For this exercise, the lines from the one with "2-5 G Co Store" through the final line of the data below are to be transcribed exactly, and pictures are to be skipped.

───── INFORMATION SUPPLIED

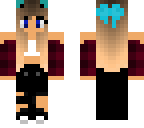 cutie in rp complete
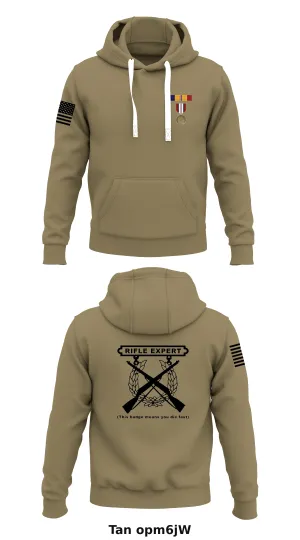2-5 G Co Store 1  Core Men's Hooded Performance Sweatshirt - opm6jW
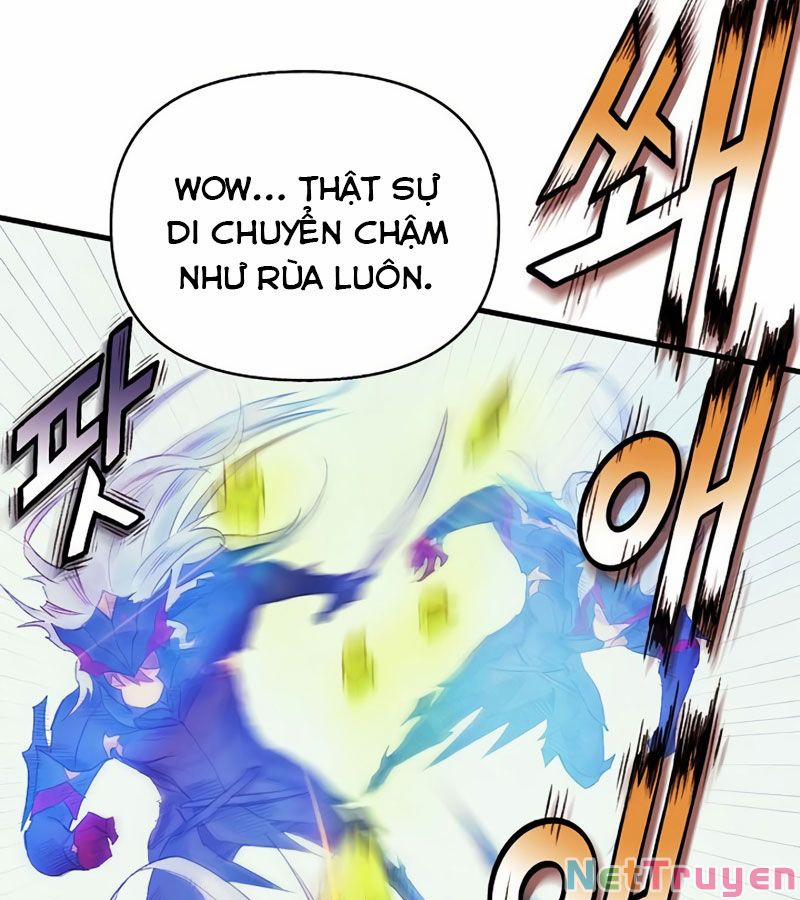 Tu Sĩ Trị Liệu Thái Dương 19 trang 101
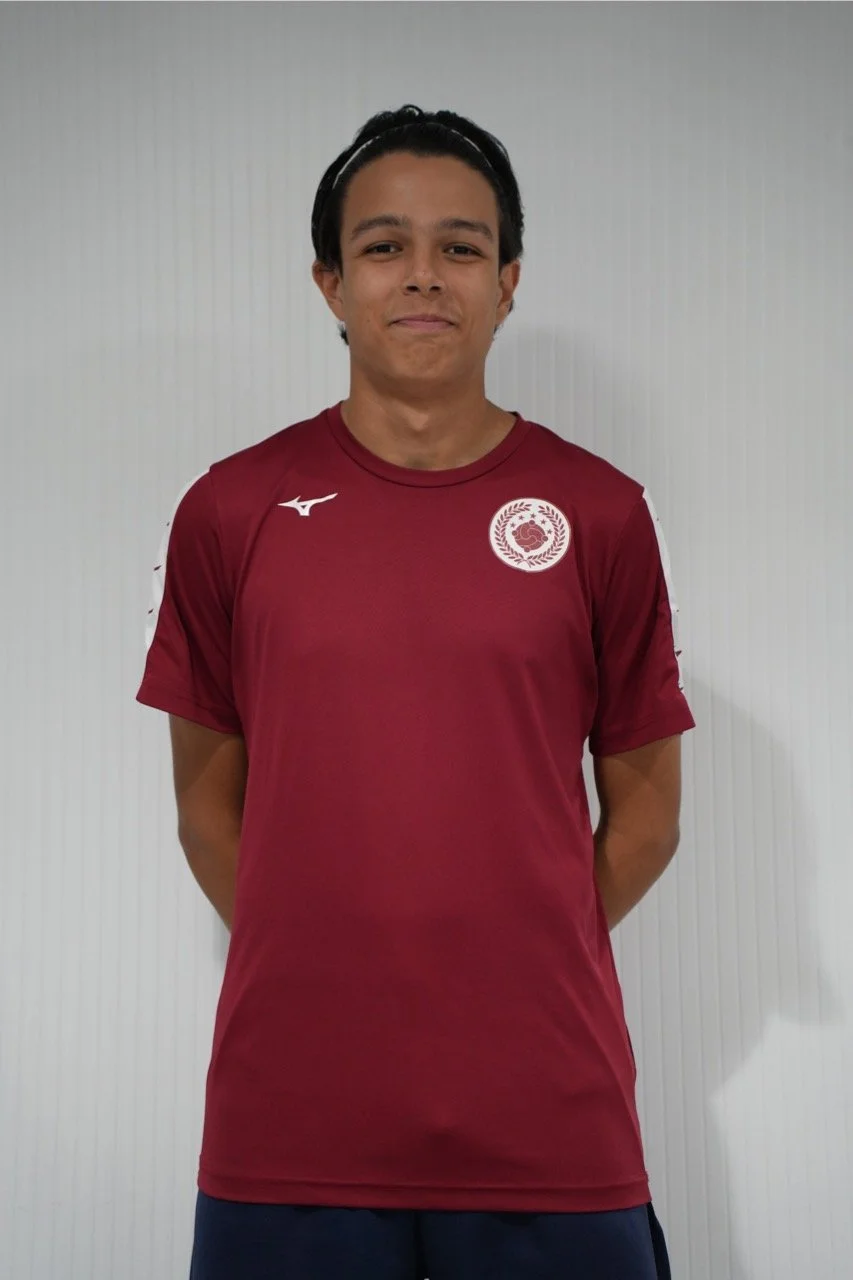 DSC05466 Grande.jpeg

──────────

# [RESULT OF THIS TASK]
2-5 G Co Store 1  Core Men's Hooded Performance Sweatshirt - opm6jW
 Tu Sĩ Trị Liệu Thái Dương 19 trang 101
 DSC05466 Grande.jpeg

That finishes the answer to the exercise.